Wir hatten die Gelegenheit, schon früher als die Mitarbeiter auf einer Werftprobefahrt über die Kieler Außenförde an Bord zu sein. Der Wind blies gerade einmal mit etwas mehr als acht Knoten oder drei Beaufort und es gab so gut wie keine Wellen. Mit dem Knierim Geschäftsführer Stefan Müller, einem ehemaligen Regattasegler, am Ruderrad brachte es die Tognum auch auf Kursen hoch am Wind auf Windgeschwindigkeit. Kein Wunder, denn die nach Werftangaben nur 14,8 Tonnen verdrängende Jacht wird von einer Segelfläche am Wind von rund 175 Quadratmetern angetrieben. Zum Vergleich: eine nur 49 Zentimeter längere Fahrtenyacht vom Typ Hallberg Rassy verdrängt bei einer Segelfläche von 151 Quadratmetern mehr als 26 Tonnen.

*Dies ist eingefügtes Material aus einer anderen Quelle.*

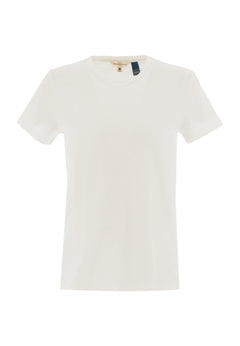 Women's Basic Round Neck T-Shirt Off White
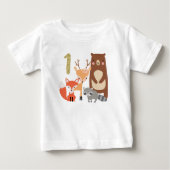 Kinderbos 1ste verjaardag T-shirt (Voorkant)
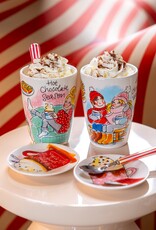 Blond Amsterdam Beker XL 0,5l & Petit Four Set "Hot Chocolate Weather" - Blond Amsterdam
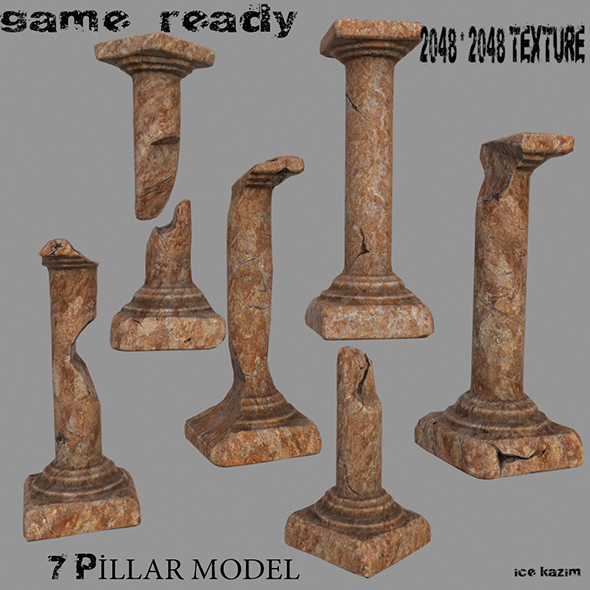 Pillar_Set - 3Docean 13750144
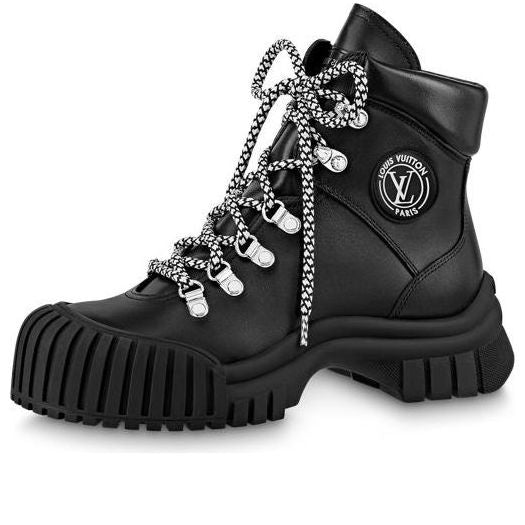 (WMNS) LOUIS VUITTON LV Ruby Flat Ranger Boots 'Black' 1AAM5U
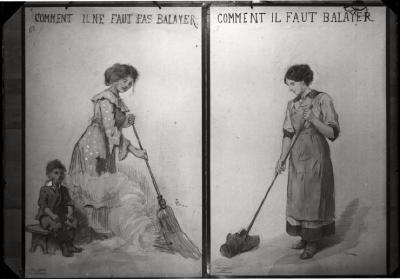 Document pédagogique dédié à l'information du public, exposition itinérante de 1914 (planche).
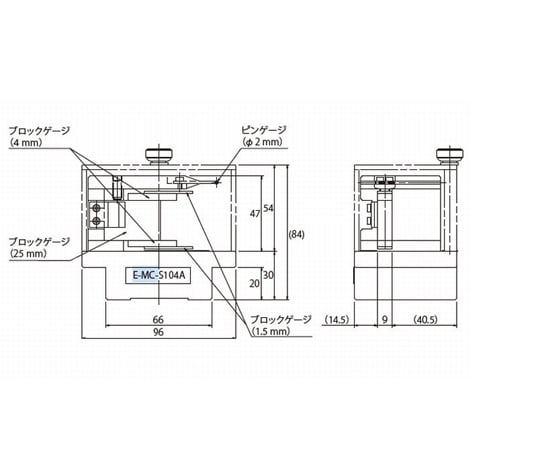 小穴上下測定用スタイラス校正ユニット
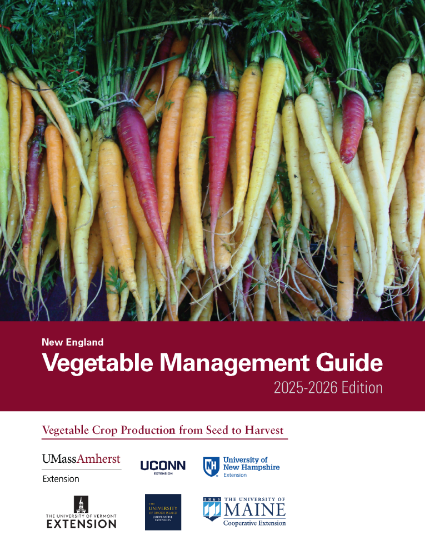 Picture of New England Vegetable Management Guide (2025-2026 Ed.) - Please click here for important shipping and handling details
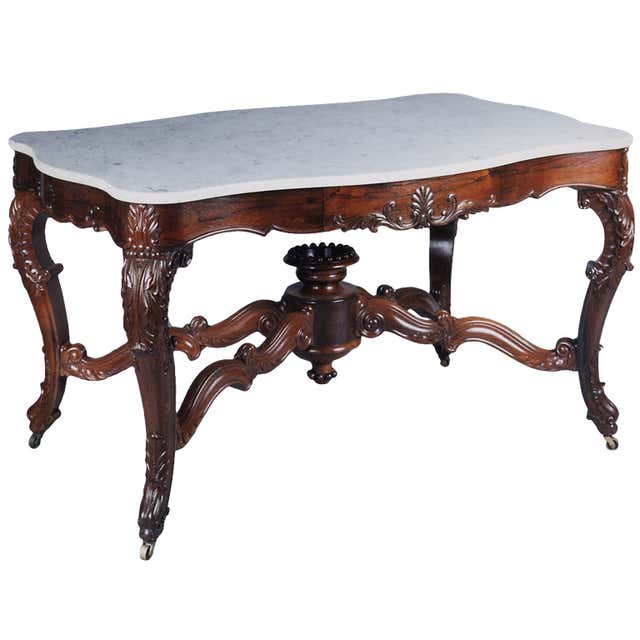 Center table by Roux Signed New York 19th century For Sale at 1stDibs
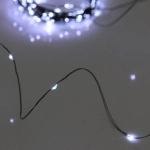 Гирлянда для улицы «Росинка» 10 м 100 ламп LED проволочн.пров. зелен., 8 реж.,IP-54, Белый (солнечная батарея)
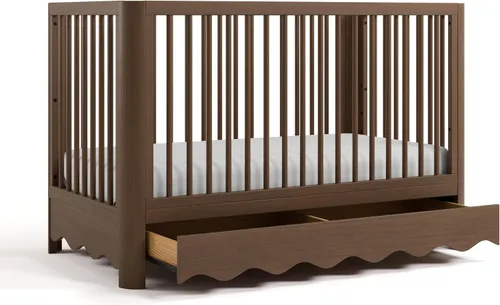 Vista 20 de Storkcraft Casablanca 5-in-1 Convertible Crib with Drawer, Sage Salvia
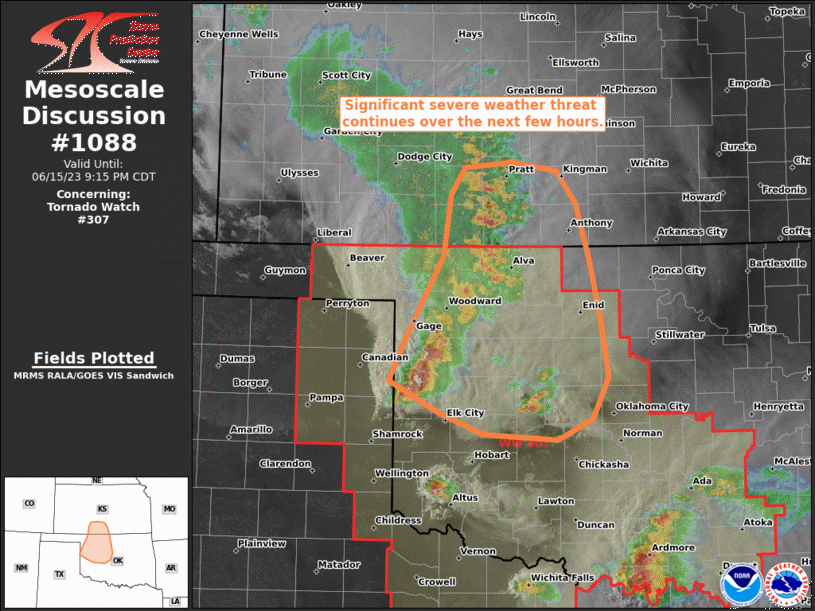 Mesoscale Discussion 1088
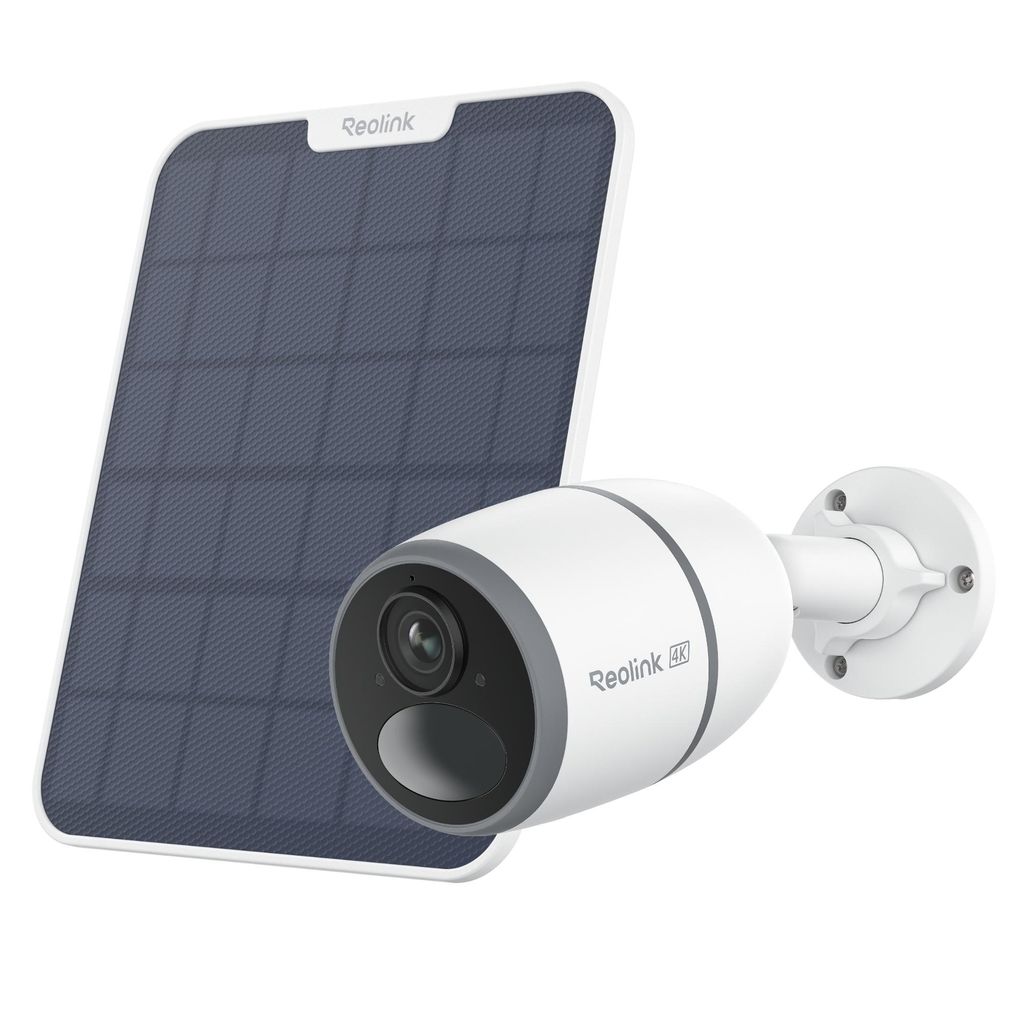Reolink Go Ultra+Solarpanel, 4K 8MP Akku 4G LTE Überwachungskamera, Personen-/Fahrzeug-/Tiererkennung, Nachtsicht, 2-Wege-Audio, IP65, mit SIM Karte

Dass die Knierim-Yacht auch bei Windgeschwindigkeit einfach zu beherrschen ist, davon konnten wir uns nach einem Steuermannswechsel überzeugen: die 4,40 Meter breite Yacht mit ihrem 3,20 Meter tief gehenden Kiel ließ sich so leicht wie eine Jolle segeln. Sie krängte auch bei aufkommenden Böen kaum zur Seite. Dafür sorgt eine fünf Tonnen schwere Ballastbombe aus Blei am Ende des Kiels als Gegengewicht zur großen Segelfläche. Als dann auf Vorwindkursen das Vorsegel gegen einen 200 Quadratmeter großen bunten Genaker getauscht wurde, bewegte sich die Speedometeranzeige sogar in den zweistelligen Bereich.

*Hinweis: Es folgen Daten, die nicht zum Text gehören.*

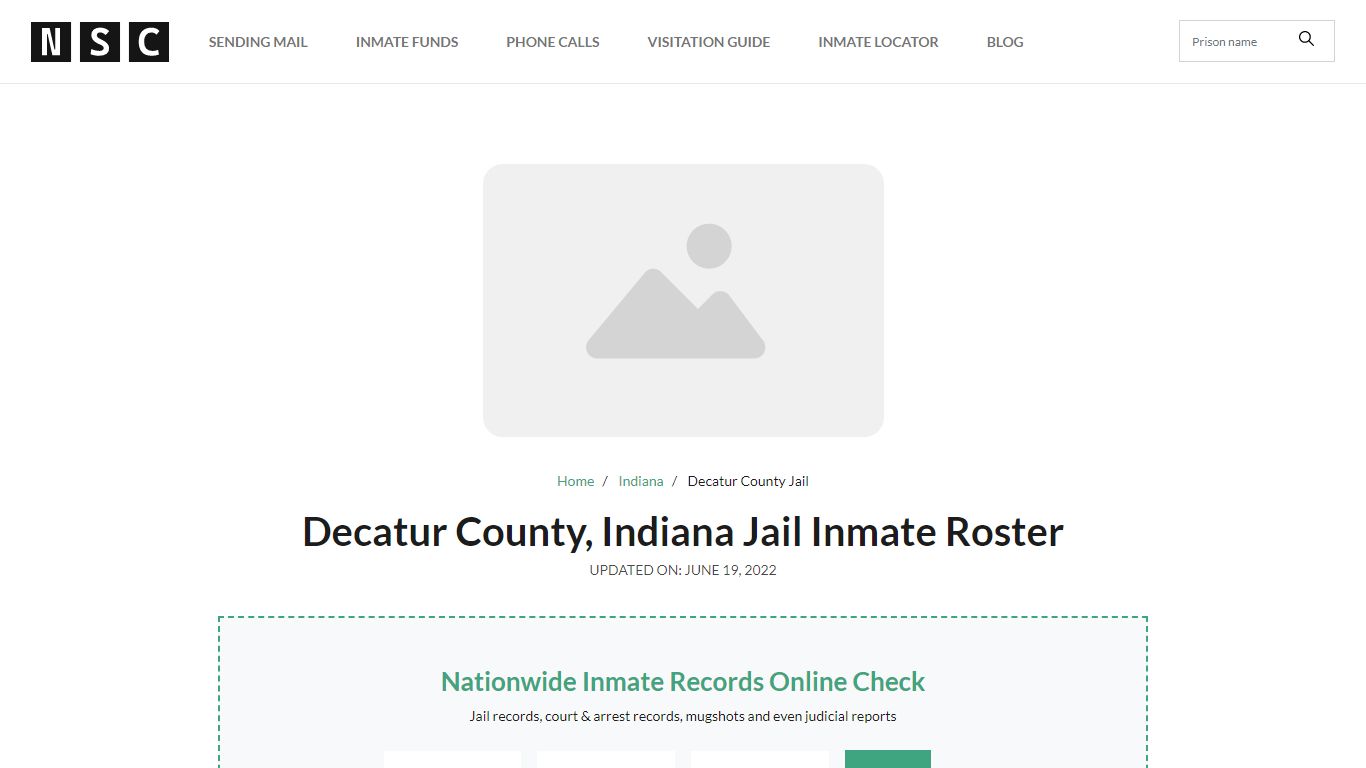 Decatur County, Indiana Jail Inmate List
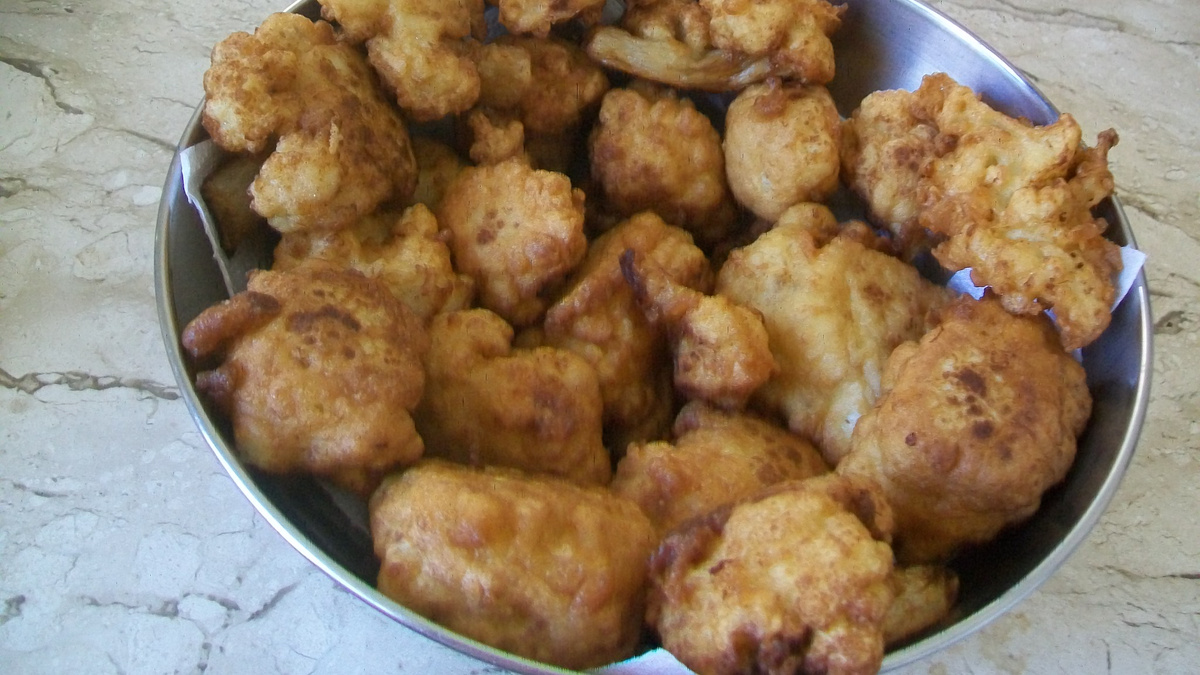 Couve-flor empanada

Dabei ist die „Tognum“ kein total spartanisch eingerichteter Racer für Rekordfahrten, sondern eine Yacht mit einer bewohnbaren Einrichtung. Das Interieur der Tognum plante die Werft zusammen mit dem Eigner. Es besticht nicht nur durch seine große Zweckmäßigkeit, sondern auch durch ein modernes, minimalistisches Design mit Edelholzapplikationen und Polsterbezügen aus Segeltuch. Eine funktionellen Pantry mit Corean-Arbeitsfläche, Spülbecken, Kühl- und zusätzlichem Gefrierschrank sowie viel Stauraum und elektrischem, halbkardanisch aufgehängten Heißluftherd mit Glaskeramik Kochfeldern und eingebauter Microwelle macht deutlich, dass die Tognum auch für längere Törns konzipiert wurde. Zwar bietet die Yacht des Technologiekonzerns nur Rohrkojen für die acht- bis elfköpfige Crew, allerdings gibt es durch Schränke, Schubladen und Regale ausreichend Stauraum für sie. Der Crew stehen zwei Nasszellen, von denen eine auch als Dusche genutzt werden kann, zur Verfügung.

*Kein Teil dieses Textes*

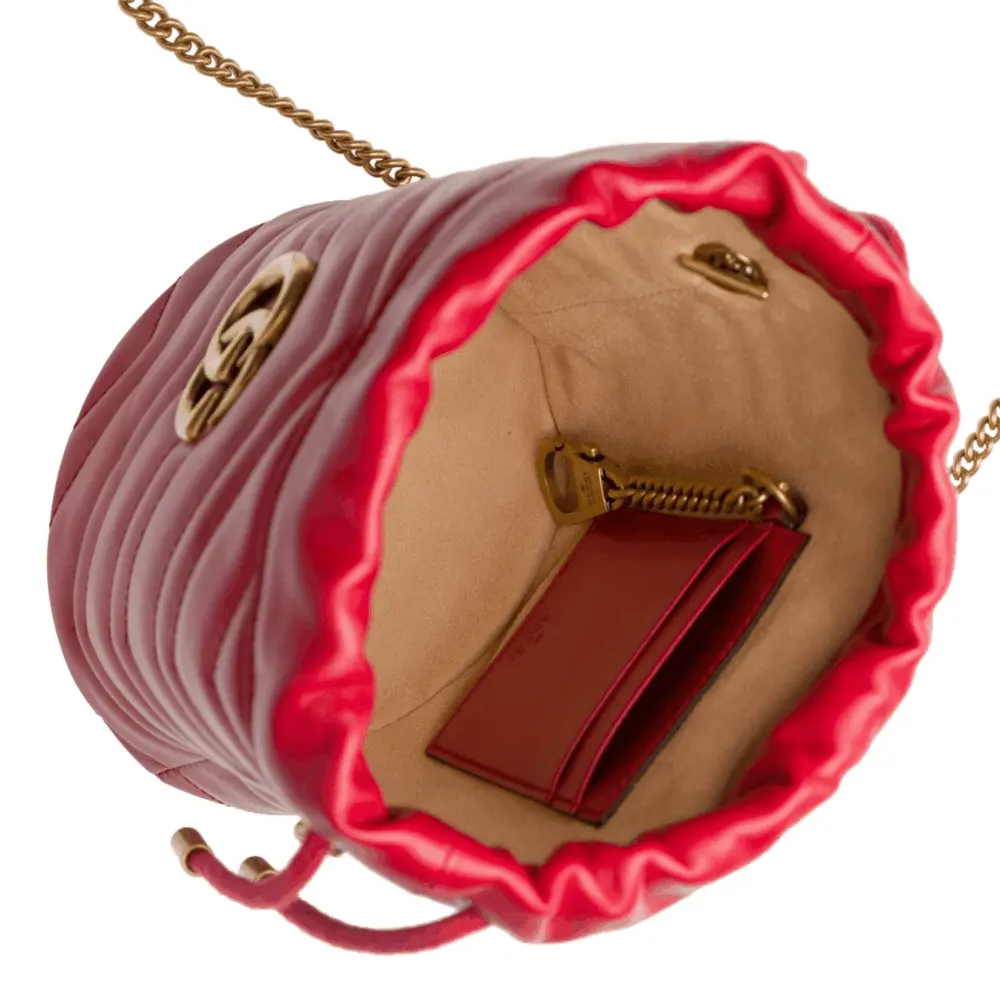 Túi Gucci GG Marmont Mini Bucket Bag 575163 DTDRT 6433 - Ảnh 7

Neben ihrer Funktionalität als eine Art Clubschiff präsentiert die „Tognum“ mit einer EmpireBus-Spannungs-Verteilungsanlage ein zeitgemäßes Energiesystem, durch das weniger Kupferkabel verlegt werden musste und somit Gewicht gespart werden konnte. Darüber hinaus hat die Yacht einen Dieselmotor eines italienischen Herstellers erhalten, der durch hauseigene Ingenieure optimiert wurde. Ein leichter Fischer-Panda-Generator sorgt für Elektrizität beim Segeln, wenn sich die Batteriekapazität erschöpft.
Das geringe Gewicht der Yacht, die das große Geschwindigkeitspotential ermöglicht, ist allerdings in erster Linie auf die hochfeste Leichtbauweise von Knierim zurückzuführen. Durch moderne Werkstoffe wie Kevlar, Karbon und E-Glas sowie einem PVC-Hartschaumkern entstehen besonders leichte Rümpfe und Decks, die zur Gewinnung einer optimalen Festigkeit in einer Art riesigem Ofen getempert, sprich gebacken werden.
Rund 1,3 Millionen Euro kostet eine derartige Yacht aus der High-tech-Werft am Ufer des Nord-Ostsee-Kanals. Für den Togum-Konzern mit seinen fast 9.000 Mitarbeitern eine gute Anlage.